Work request
After locating the line with "Minimalist Pet Fence, Rectangular" in the entries below, output it and each following line up to and including the line with "Mlqidk Scrub Tops", exactly and without pictures.

Exercise materials
|---|

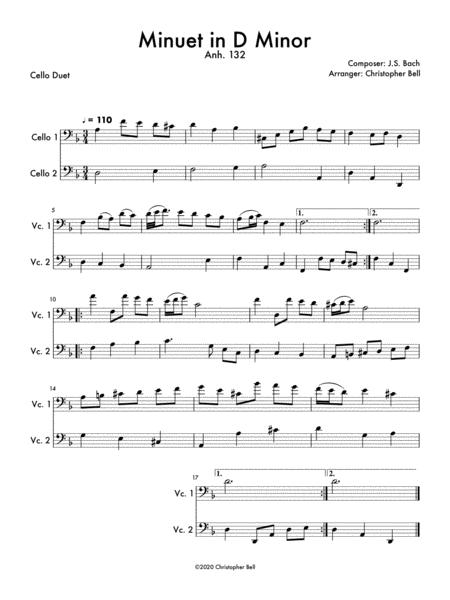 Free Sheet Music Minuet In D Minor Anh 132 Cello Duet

|---|

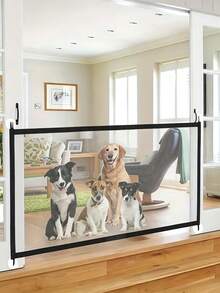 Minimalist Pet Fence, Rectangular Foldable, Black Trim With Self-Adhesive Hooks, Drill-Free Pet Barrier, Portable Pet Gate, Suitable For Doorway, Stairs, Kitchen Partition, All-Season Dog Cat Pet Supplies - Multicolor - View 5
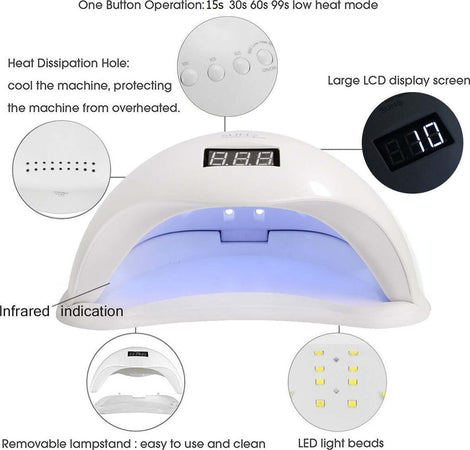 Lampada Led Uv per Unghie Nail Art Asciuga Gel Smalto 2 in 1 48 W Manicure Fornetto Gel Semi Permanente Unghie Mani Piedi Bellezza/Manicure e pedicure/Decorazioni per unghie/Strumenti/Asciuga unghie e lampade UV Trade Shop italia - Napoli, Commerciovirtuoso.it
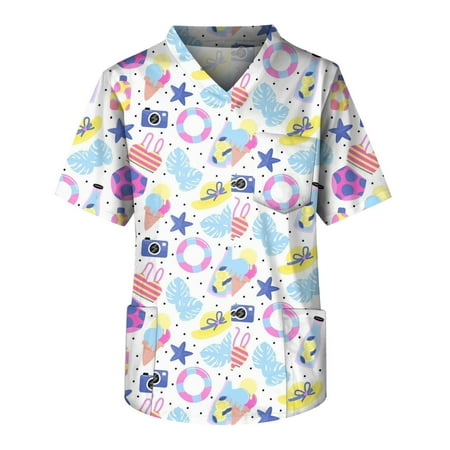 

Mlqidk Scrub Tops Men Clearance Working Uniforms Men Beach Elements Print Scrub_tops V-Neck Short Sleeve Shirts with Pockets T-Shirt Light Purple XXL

|---|

Result for this exercise
 Minimalist Pet Fence, Rectangular Foldable, Black Trim With Self-Adhesive Hooks, Drill-Free Pet Barrier, Portable Pet Gate, Suitable For Doorway, Stairs, Kitchen Partition, All-Season Dog Cat Pet Supplies - Multicolor - View 5
 Lampada Led Uv per Unghie Nail Art Asciuga Gel Smalto 2 in 1 48 W Manicure Fornetto Gel Semi Permanente Unghie Mani Piedi Bellezza/Manicure e pedicure/Decorazioni per unghie/Strumenti/Asciuga unghie e lampade UV Trade Shop italia - Napoli, Commerciovirtuoso.it

Mlqidk Scrub Tops Men Clearance Working Uniforms Men Beach Elements Print Scrub_tops V-Neck Short Sleeve Shirts with Pockets T-Shirt Light Purple XXL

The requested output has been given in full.